Bir erkeğe ait olup kadın bakışından yazılmış bir kitap yalnız kadınlar arasında. kitabın konusu kurgusu insanı asla zorlamıyor. ana karakter bir zamanlar sefalet içinde büyüdüğü, sınıfsal farklar nedeniyle gelmek istediği yere kolaylıkla gelemeyeceğini düşünen bunun içinse ona fayda edecek tek şeyin çalışmak olduğunun farkında olan, oradan çıkmak için dişini tırnağına taktığı şehre çalıştığı markanın mağazasını açabilmek adına geri dönüyor.
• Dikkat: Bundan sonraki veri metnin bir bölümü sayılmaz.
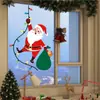 Pegatinas Decorativas Navideñas Vidrio Centro Comercial Tienda Arreglo de Ambiente Pegatinas para Puertas Pegatinas para Ventanas y Paredes Pegatinas para Ventanas de Árboles de Navidad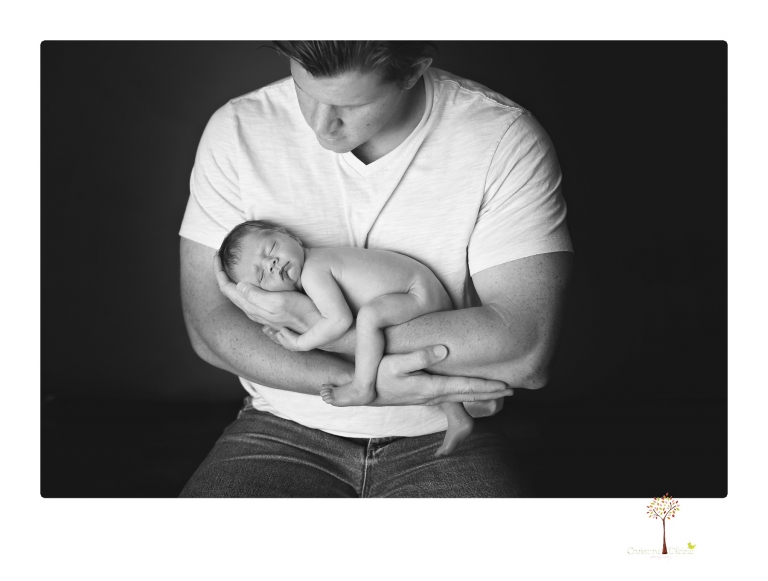 Best Sonora Newborn Photographer Christine Dibble Photography takes portraits of a newborn baby boy and his dog as well as family portraits in her Sonora studio.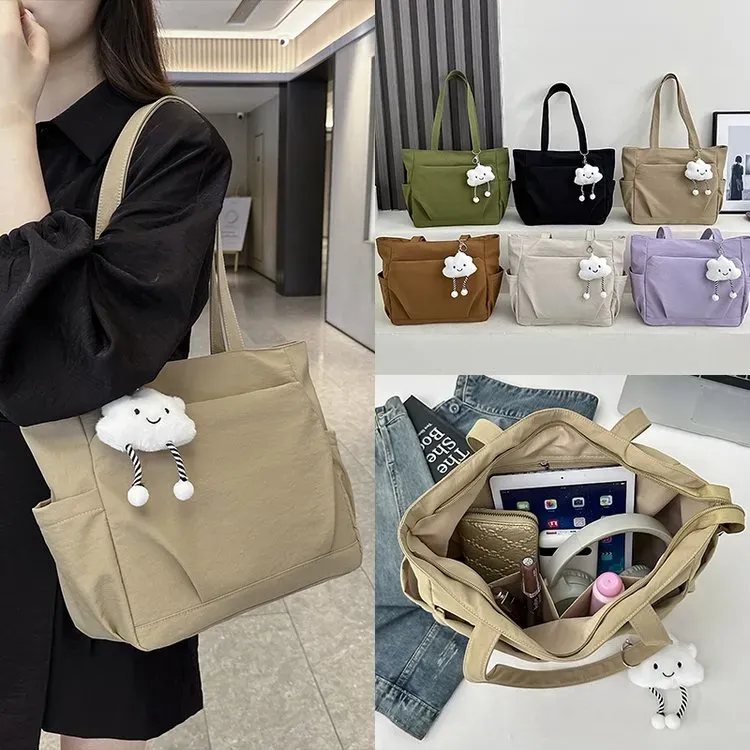 Tas Selempang Wanita Bahan Nylon Polos Bentuk Kotak Tali Lebar Resleting Stok China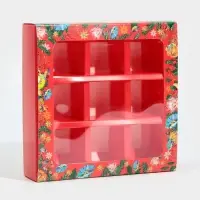 Коробка под 9 конфет с ячейками &laquo;Яркий Новый год&raquo; 14.5&times;14.5&times;3.5 см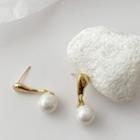Faux Pearl Alloy Drop Earring 1 Pair - Gold - One Size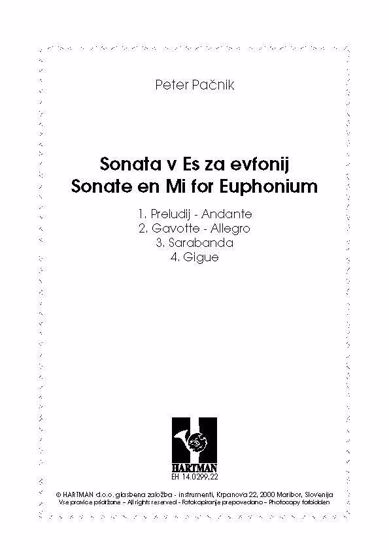 Pačnik Peter: Sonata v Es za evfonij
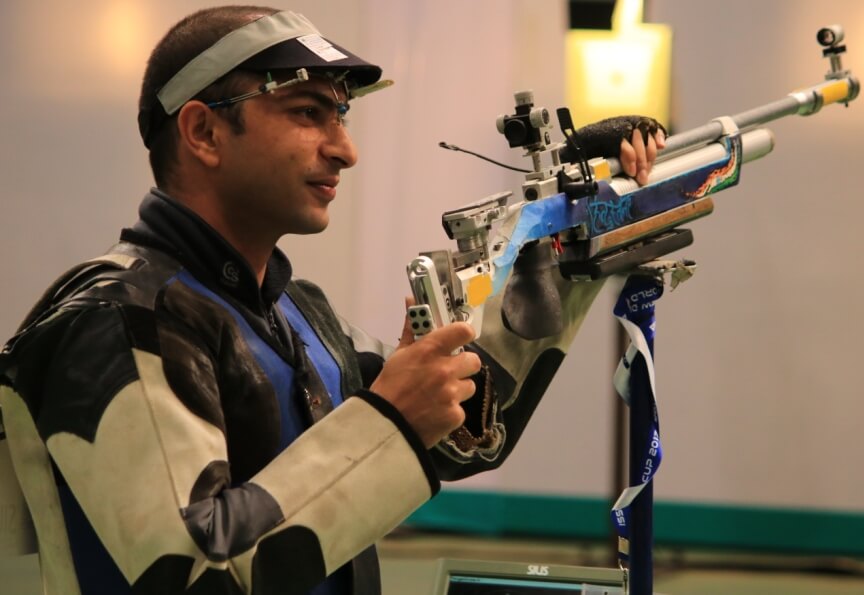 Ravi Kumar in action during the Finals of Men's 10m Air Rifle at ISSF World Cup. Photo - indianshooting.com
Kitabın başında bizi bir intihar deneyimi karşılıyor. Bana göre bu kitabın kilit noktası da bu. Gündelik hayatla iç içe girmiş yaşam mücadelesi. Bakışının dokunduğu, bedeninin süründüğü yerlerde yaşamı aslında ne denli hissediyorsun? Bu kitaba dair beni etkileyen şey kurguyu ilerleten üç
kadının aralarında yaptığı konuşmalardaki gözlemler ve sözcükler oldu. Hayatın içinden değindikleri bazı noktaların yalınlığına rağmen tespitler çok çarpıcıydı. Okumanızı tavsiye ederim.